6) Consider the operating environment
High airflow can cool emitters and reduce effectiveness. Dust, fumes, or splashing may require guards, shielding, or different tube materials. Maintenance access also matters—plan for safe replacement and inspection.
9) Installation, Safety, and Maintenance Tips
Avoid fingerprints and contamination on tube surfaces; contamination can create hot spots after repeated heating cycles.
Maintain safe clearances from flammable materials, wiring, and sensitive components.
Use protective guards to prevent accidental contact and to protect tubes from impact.
If the process creates fumes or deposits, provide ventilation and clean reflectors/tube surroundings regularly. Deposits reduce radiant efficiency over time.
Inspect terminals, end ceramics, and mounting hardware periodically for looseness, discoloration, or corrosion.
10) FAQ: Far Infrared Heating Tubes
Q1: Do far infrared tubes “penetrate” materials better?
It depends on the material. Many industrial IR applications heat the surface first, then heat moves inward by conduction. The best approach is to match the heater’s emission to the material’s absorption and the process dwell time.
Q2: Can infrared heating work without heating the air?
Infrared transfers energy by radiation directly to surfaces, so it does not rely on air as the primary heat carrier. However, airflow can still cool the emitter and the product, and some air heating will still occur in practical equipment.
Q3: Why does emitter temperature change heating behavior?
Emitter temperature affects both total radiated power and the wavelength distribution. Hotter emitters typically shift output toward shorter wavelengths and can increase heating intensity and response speed.
Q4: How do I improve uniformity across a wide web or panel?

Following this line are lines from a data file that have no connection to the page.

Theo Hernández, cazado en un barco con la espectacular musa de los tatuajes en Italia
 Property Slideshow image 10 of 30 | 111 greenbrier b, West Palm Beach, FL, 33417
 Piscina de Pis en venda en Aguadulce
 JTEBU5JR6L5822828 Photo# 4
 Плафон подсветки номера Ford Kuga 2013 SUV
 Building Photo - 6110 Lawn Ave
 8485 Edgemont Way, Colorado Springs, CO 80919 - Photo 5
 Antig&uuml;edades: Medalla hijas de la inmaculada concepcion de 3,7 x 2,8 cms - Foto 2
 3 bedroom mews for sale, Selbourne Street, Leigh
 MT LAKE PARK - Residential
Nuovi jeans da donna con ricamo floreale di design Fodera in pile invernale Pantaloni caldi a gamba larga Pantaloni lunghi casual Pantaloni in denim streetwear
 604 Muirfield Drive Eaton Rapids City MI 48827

Uniformity is usually improved by combining correct heater spacing, consistent distance to the product, proper reflector geometry, and zoning control (separate power control for different heater sections).
Summary
A far infrared heating tube converts electrical power into heat through resistance heating, then emits that energy as infrared radiation. The radiation is absorbed by the target surface and converted into heat, enabling fast, clean, and controllable heating in many industrial processes. For best results, select an IR tube heater based on material absorption, required heat flux, mounting geometry, reflectors, and line conditions—not only by a “far infrared” label.